EEL FIRE MANAGEMENT MANUAL -- Prepared by The Nature Conservancy

Natural Community- Pine Flatwoods (Stage 3)

FUEL MODEL: Either Fuel Model 4 or Fuel Model 7 could represent the fire behavior of this stage.  Model 4 is used for modeling intensity variables.  Model 7 is used for modeling rate of spread (Anderson, 1982).  These fuel type usually generates high intensity and high severity.

TYPICAL FIRE BEHAVIOR:   
[Using FBPS: FM 4/7, FFM 8, LFM 100, MFW 5 - 10] (Refer to page 32)

* Note:  Model 4 underestimates flank-fire flame length.  Local experience has shown that this flame-length is typically 1 ½ the surface fuel height.

DESIRED STAGE: 
Flatwoods - Stage 1 (grass dominated flatwoods).  Open yellow pine overstory.  Pyrrhic grasses dominate groundcover vegetation and palmetto is short in a vertical stem or short "gator-back" growth form less than 2 feet in height.  Typical flatwoods shrub species such as gallberry and Lyonia appear much less dense in terms of cover dominance.  Fuel Models 2 or 7.

RESTORATION/MANAGEMENT PROTOCOL

  • Restoration Phase:
  1. Selective thinning and "pocket cut" timber harvests to restore open character of yellow pine overstory.
  1. Mechanical treatment of dense palmetto cover with tree-cutter or roller chopper type equipment to reduce palmetto over-dominance.  Care should be taken in treatment design to avoid any soil disturbance from roller chopper tine digging or "root tip up".
  1. Post mechanical fuel reduction (dormant season) prescribed fires.  Care should be taken to choose weather/moisture parameters that create low fire intensities yielding moderate to mild fire severity.
  1. Follow-up of exotics management should exist where exotics are in or surrounding the treatment area.

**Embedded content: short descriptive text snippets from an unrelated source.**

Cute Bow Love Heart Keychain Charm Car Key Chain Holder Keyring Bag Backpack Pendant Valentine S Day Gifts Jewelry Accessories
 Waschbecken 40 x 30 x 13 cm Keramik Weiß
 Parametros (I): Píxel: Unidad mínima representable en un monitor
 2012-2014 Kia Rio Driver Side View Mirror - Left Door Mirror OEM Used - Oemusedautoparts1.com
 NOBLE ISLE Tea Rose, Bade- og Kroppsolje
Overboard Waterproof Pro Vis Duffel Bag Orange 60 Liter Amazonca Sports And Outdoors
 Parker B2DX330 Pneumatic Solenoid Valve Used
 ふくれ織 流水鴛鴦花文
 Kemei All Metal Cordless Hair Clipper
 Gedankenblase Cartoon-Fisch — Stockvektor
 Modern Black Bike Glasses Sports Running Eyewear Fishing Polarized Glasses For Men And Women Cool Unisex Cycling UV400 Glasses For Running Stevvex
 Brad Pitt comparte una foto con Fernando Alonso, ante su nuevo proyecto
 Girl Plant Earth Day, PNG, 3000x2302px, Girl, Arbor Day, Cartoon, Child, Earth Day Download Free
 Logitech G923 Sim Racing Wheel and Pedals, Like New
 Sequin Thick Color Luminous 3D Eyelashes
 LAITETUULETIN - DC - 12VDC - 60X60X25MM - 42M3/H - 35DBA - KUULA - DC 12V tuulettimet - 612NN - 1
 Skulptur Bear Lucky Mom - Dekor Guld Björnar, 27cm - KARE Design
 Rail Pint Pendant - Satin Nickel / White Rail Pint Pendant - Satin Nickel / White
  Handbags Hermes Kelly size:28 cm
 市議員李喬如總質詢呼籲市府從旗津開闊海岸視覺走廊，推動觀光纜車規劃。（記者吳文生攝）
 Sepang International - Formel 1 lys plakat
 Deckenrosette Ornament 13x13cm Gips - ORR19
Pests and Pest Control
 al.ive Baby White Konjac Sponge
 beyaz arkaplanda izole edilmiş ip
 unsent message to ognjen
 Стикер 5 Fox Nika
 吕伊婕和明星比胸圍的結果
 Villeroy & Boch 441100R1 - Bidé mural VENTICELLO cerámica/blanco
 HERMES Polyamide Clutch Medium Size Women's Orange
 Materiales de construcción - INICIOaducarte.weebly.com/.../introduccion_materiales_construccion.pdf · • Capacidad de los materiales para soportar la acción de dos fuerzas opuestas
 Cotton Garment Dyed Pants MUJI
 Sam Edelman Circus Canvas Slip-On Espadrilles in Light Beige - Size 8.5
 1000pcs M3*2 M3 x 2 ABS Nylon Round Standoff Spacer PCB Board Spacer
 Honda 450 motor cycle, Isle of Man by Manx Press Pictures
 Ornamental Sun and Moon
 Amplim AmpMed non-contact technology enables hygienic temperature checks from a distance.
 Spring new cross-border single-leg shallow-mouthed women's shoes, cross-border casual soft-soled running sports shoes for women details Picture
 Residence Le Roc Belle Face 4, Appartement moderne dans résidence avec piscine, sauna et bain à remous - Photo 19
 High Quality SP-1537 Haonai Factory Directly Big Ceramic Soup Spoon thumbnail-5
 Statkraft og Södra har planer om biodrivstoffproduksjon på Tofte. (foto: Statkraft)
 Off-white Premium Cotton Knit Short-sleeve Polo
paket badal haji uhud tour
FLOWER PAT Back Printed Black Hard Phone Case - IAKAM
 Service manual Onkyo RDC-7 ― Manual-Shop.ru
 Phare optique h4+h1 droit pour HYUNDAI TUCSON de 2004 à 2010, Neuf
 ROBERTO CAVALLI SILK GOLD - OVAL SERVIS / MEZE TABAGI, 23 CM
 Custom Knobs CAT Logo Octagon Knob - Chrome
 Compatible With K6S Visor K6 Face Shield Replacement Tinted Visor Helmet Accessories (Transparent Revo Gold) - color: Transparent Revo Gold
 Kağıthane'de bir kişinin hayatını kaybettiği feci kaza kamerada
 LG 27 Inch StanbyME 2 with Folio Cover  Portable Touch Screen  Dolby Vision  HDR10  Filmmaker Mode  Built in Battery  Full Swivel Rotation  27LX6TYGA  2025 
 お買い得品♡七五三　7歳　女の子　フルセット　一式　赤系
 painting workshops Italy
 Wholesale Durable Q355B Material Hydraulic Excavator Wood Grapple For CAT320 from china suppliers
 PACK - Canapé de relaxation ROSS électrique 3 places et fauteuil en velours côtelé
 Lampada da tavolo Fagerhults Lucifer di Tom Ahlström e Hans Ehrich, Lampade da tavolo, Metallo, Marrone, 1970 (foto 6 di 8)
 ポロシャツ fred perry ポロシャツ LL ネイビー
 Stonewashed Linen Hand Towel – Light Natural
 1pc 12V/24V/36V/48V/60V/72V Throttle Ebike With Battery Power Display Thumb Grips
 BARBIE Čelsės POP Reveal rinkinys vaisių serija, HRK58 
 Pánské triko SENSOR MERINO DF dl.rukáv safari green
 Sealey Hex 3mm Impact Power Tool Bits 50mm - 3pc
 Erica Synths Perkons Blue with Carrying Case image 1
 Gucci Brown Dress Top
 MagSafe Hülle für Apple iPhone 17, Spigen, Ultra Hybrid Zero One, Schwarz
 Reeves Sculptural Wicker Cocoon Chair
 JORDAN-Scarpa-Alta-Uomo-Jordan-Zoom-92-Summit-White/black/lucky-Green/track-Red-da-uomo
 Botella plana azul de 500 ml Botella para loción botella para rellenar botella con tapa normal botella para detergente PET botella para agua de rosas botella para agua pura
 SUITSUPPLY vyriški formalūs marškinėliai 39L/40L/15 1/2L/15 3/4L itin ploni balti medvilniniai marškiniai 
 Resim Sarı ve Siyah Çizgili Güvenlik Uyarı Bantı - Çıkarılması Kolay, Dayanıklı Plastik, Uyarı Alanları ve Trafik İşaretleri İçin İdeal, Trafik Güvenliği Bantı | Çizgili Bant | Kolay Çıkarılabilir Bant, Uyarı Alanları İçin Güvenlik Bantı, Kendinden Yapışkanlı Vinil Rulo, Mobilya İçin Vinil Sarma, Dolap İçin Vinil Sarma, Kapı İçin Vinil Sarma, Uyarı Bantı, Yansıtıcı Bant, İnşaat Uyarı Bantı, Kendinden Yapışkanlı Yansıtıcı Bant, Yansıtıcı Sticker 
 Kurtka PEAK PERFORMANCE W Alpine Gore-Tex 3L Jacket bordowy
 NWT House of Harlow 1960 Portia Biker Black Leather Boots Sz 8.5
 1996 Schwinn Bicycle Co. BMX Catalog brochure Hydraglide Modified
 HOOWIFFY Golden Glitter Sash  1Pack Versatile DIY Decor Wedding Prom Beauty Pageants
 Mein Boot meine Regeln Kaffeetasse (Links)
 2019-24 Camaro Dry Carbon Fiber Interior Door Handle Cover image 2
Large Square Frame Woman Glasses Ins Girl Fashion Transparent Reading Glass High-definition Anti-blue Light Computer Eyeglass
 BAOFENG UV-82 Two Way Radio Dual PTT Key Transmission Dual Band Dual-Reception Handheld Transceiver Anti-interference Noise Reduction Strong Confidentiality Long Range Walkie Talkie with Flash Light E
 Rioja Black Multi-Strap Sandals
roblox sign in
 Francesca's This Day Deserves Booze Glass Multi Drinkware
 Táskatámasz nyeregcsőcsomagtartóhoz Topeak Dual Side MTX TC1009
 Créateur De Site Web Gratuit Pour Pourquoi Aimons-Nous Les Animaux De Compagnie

  • Maintenance/Management Phase:
  1. Growing season and mixed season series of  prescribed fires at a 1 to 4 year fire interval.
  1. Follow-up of exotics management should exist where exotics are in or surrounding the treatment area.

  • Special Management Concerns:
  • Soil disturbance as avenue for exotics.
  • Degradation of wiregrass complex from equipment trampling.
  • Hydrologic/topographic alteration such as ditching and fire-plow scars as impacts to fire process.
  • During restoration phase, excessive overstory pine mortality due to over-aggressive burning strategies or selection of fire behavior parameters that are too extreme.